Overall, as long as queries are reasonably sized and don’t contain thousands of CTEs, the CTE queries will perform equal to or better than the alternatives. They are usually equal to the non-recursive alternatives, and better than the recursive options.
Other miscellaneous notes on CTE performance
- Unlike temp tables and table variables, a CTE does not use TempDB.
- Indexes cannot be added to a CTE because the CTE only exists for the scope of a single query.
- When using multiple CTEs in a single statement, there is a limit based on memory. Based on performance it may be wise to never have more than 100 CTEs in a single statement.
- A recursive CTE generally performs better than a recursive stored procedure.

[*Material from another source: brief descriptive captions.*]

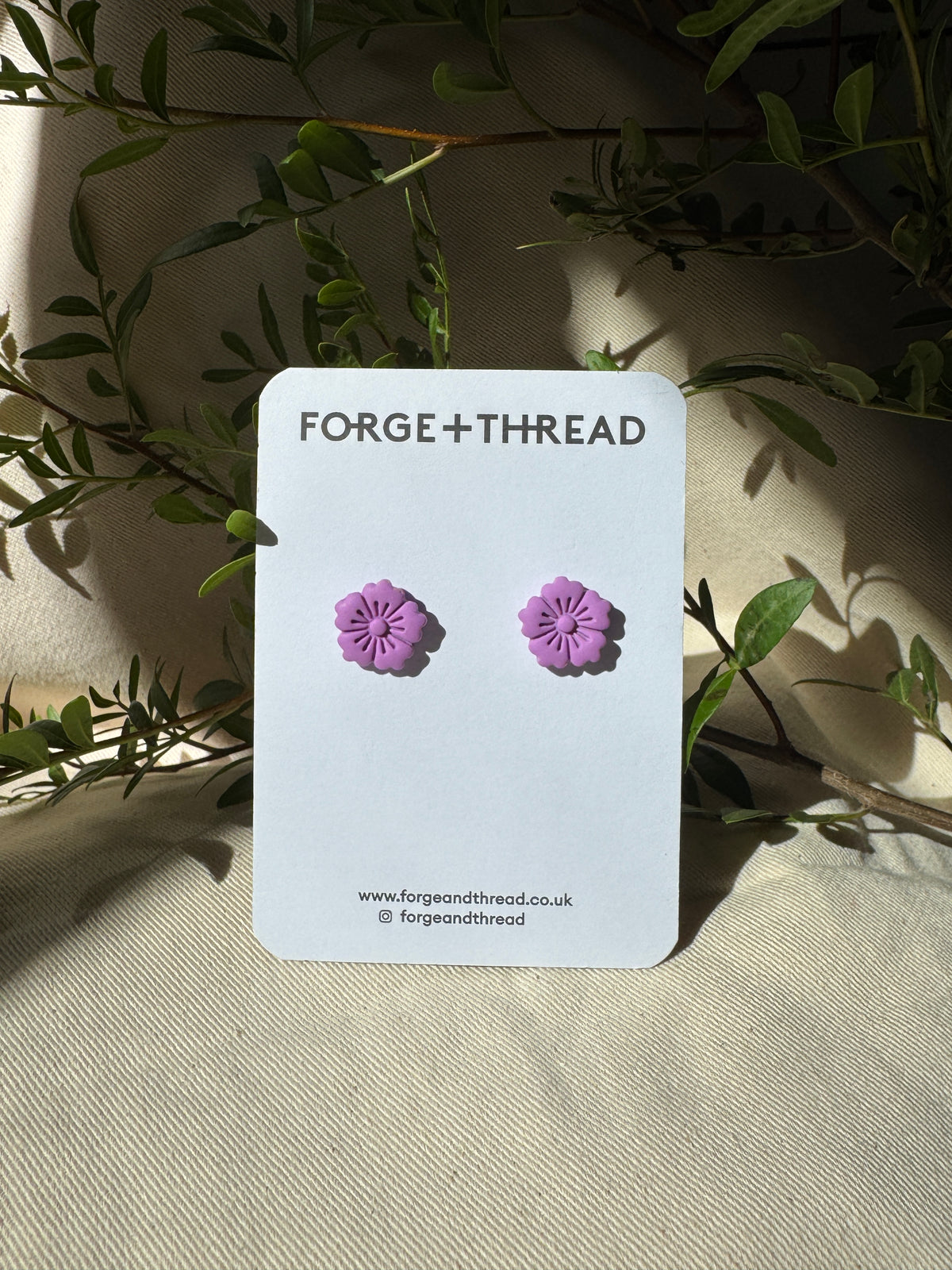 A pair of small purple flower-shaped stud earrings displayed on a white card labeled FORGE+THREAD, set against a beige fabric background with green leaves.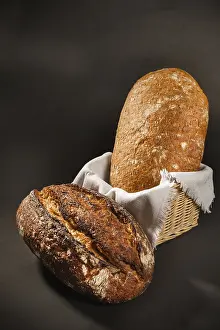 Bakery Products Isolated Prints: Fresh bread on a dark background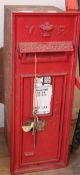 A Victorian cast iron postbox with key Height 72cm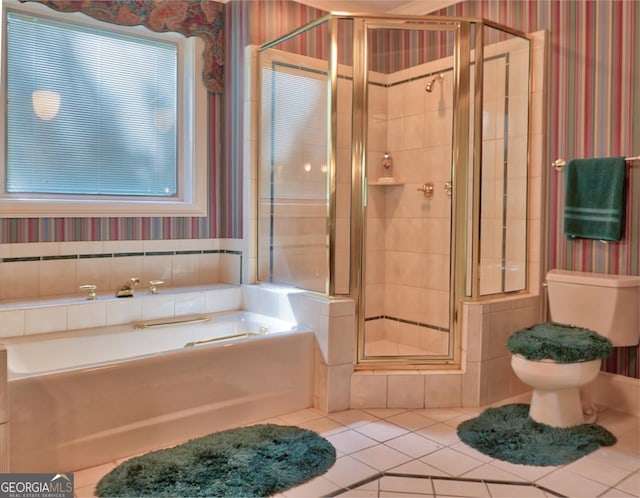 bathroom featuring toilet, tile patterned floors, and separate shower and tub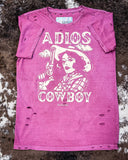 The Adios Cowboy Distressed Graphic Tee displayed on cowhide.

Classic Recursive Algorithms
For mathematical algorithms such as Fibonacci or factorial, once the definition of the sequence is understood it is fairly straightforward to establish an anchor query. Once the anchor query has been built, we can thing about in generic terms to build the recursive part.
Fibonacci
The Fibonacci sequence is a mathematical sequence defined as starting with two numbers, 0 and 1, followed by the next number being the sum of the two previous numbers.
For instance: 0,1,1,2,3,5,8,13,21,34,55,89,144,233, and so on.
The Anchor Query
To build the Fibonacci sequence, as with any recursive CTE, we start with the declaration of the CTE and the anchor query. We build the anchor query to simply return two columns, a 0 and a 1.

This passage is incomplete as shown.